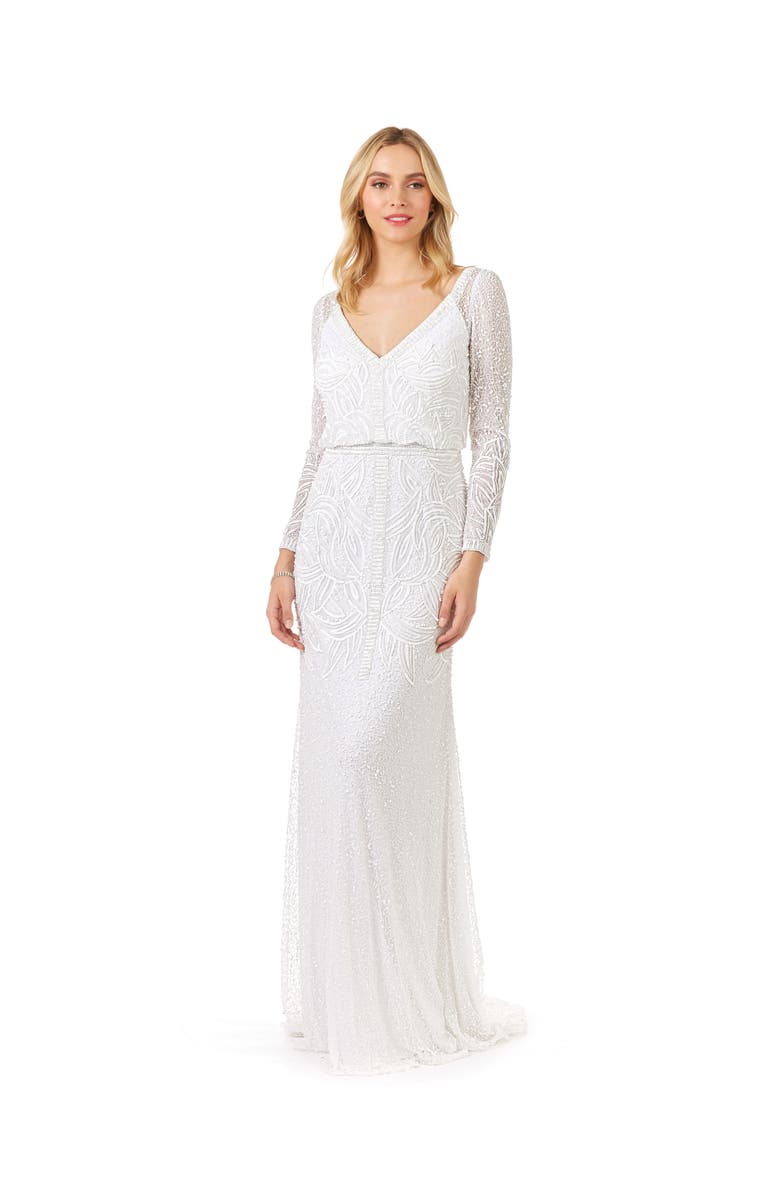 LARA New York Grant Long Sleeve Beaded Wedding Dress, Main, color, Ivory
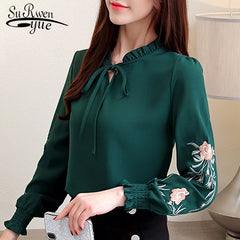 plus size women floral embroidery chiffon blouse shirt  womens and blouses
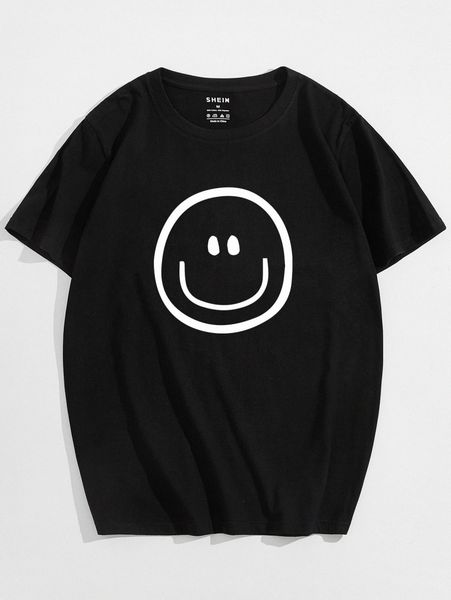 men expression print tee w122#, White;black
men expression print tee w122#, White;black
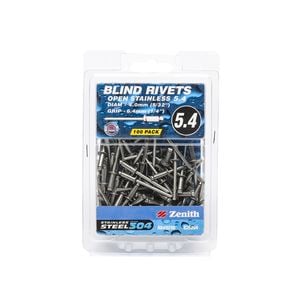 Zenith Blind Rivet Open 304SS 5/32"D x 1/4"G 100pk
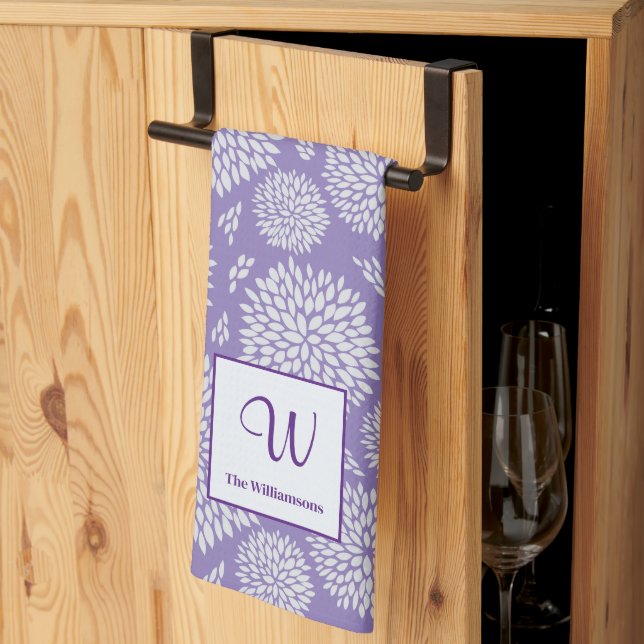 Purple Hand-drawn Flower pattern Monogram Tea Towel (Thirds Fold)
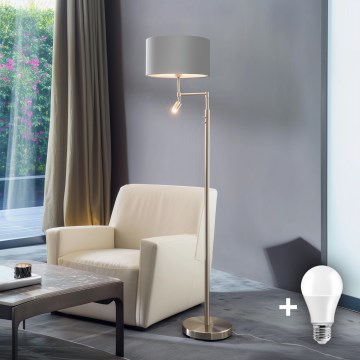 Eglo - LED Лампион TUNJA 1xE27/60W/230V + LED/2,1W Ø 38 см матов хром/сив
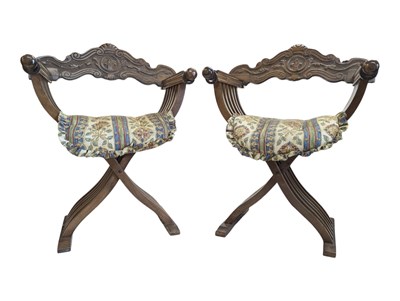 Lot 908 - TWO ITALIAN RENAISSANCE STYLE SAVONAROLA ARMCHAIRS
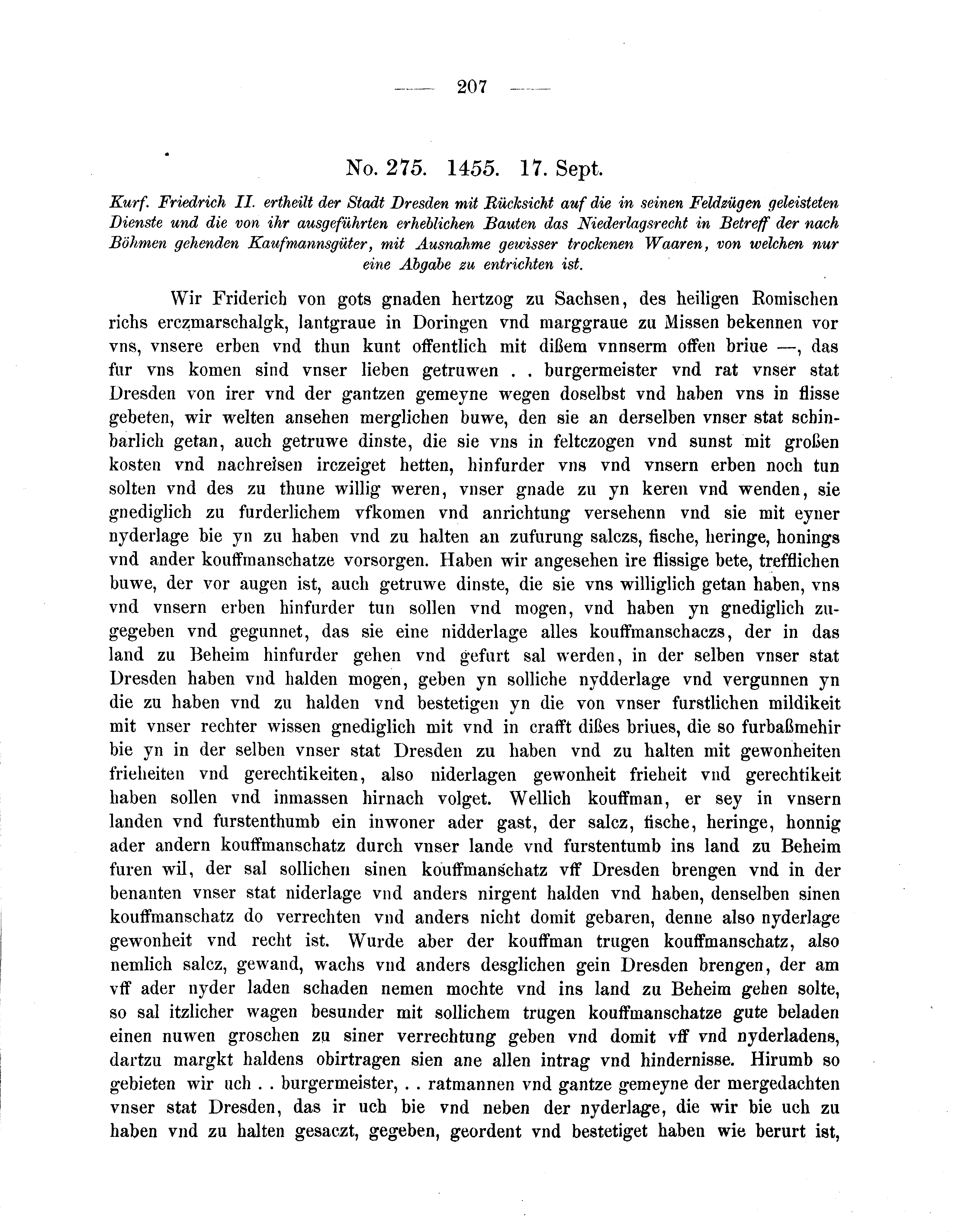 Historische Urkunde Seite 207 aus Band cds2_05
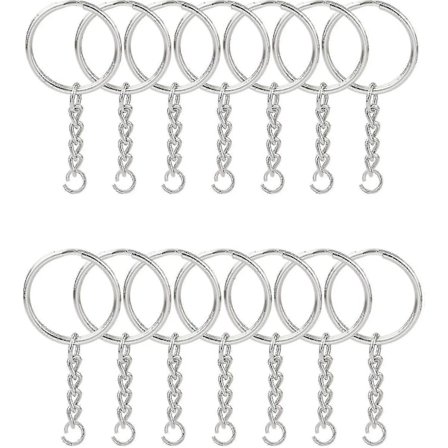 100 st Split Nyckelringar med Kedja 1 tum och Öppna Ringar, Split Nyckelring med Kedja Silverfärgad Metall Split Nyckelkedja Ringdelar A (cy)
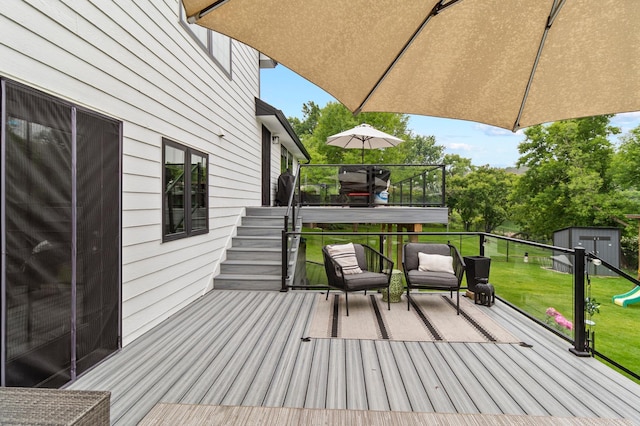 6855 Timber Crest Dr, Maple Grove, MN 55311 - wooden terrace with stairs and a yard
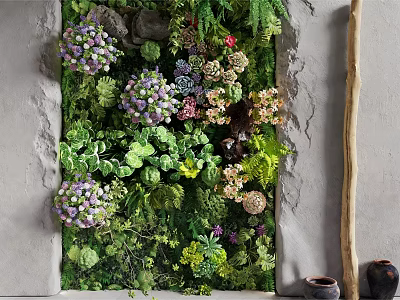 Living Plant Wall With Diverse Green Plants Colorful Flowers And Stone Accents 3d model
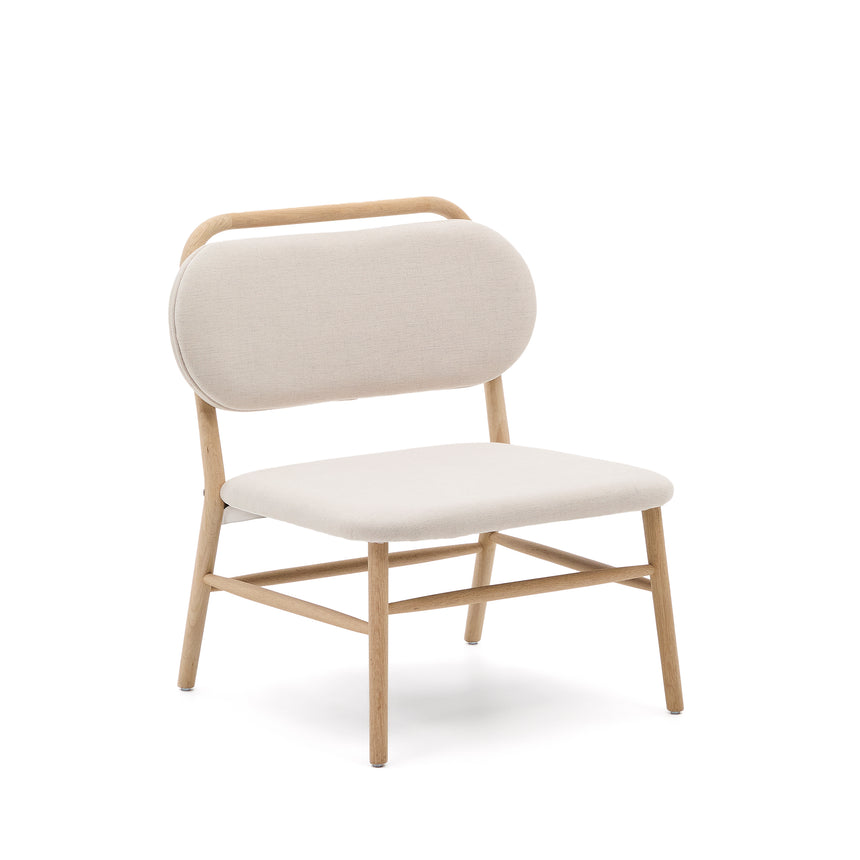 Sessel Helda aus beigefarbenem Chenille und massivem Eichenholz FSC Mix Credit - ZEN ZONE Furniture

_ _ _

Work required
This exercise asks for the data above to be given again exactly, without pictures.

Task answer
 LARA New York Grant Long Sleeve Beaded Wedding Dress, Main, color, Ivory
 plus size women floral embroidery chiffon blouse shirt  womens and blouses
 men expression print tee w122#, White;black
men expression print tee w122#, White;black
 Zenith Blind Rivet Open 304SS 5/32"D x 1/4"G 100pk
 Purple Hand-drawn Flower pattern Monogram Tea Towel (Thirds Fold)
 Eglo - LED Лампион TUNJA 1xE27/60W/230V + LED/2,1W Ø 38 см матов хром/сив
 Lot 908 - TWO ITALIAN RENAISSANCE STYLE SAVONAROLA ARMCHAIRS
 Historische Urkunde Seite 207 aus Band cds2_05
 100 st Split Nyckelringar med Kedja 1 tum och Öppna Ringar, Split Nyckelring med Kedja Silverfärgad Metall Split Nyckelkedja Ringdelar A (cy)
 6855 Timber Crest Dr, Maple Grove, MN 55311 - wooden terrace with stairs and a yard
 Living Plant Wall With Diverse Green Plants Colorful Flowers And Stone Accents 3d model
 Sessel Helda aus beigefarbenem Chenille und massivem Eichenholz FSC Mix Credit - ZEN ZONE Furniture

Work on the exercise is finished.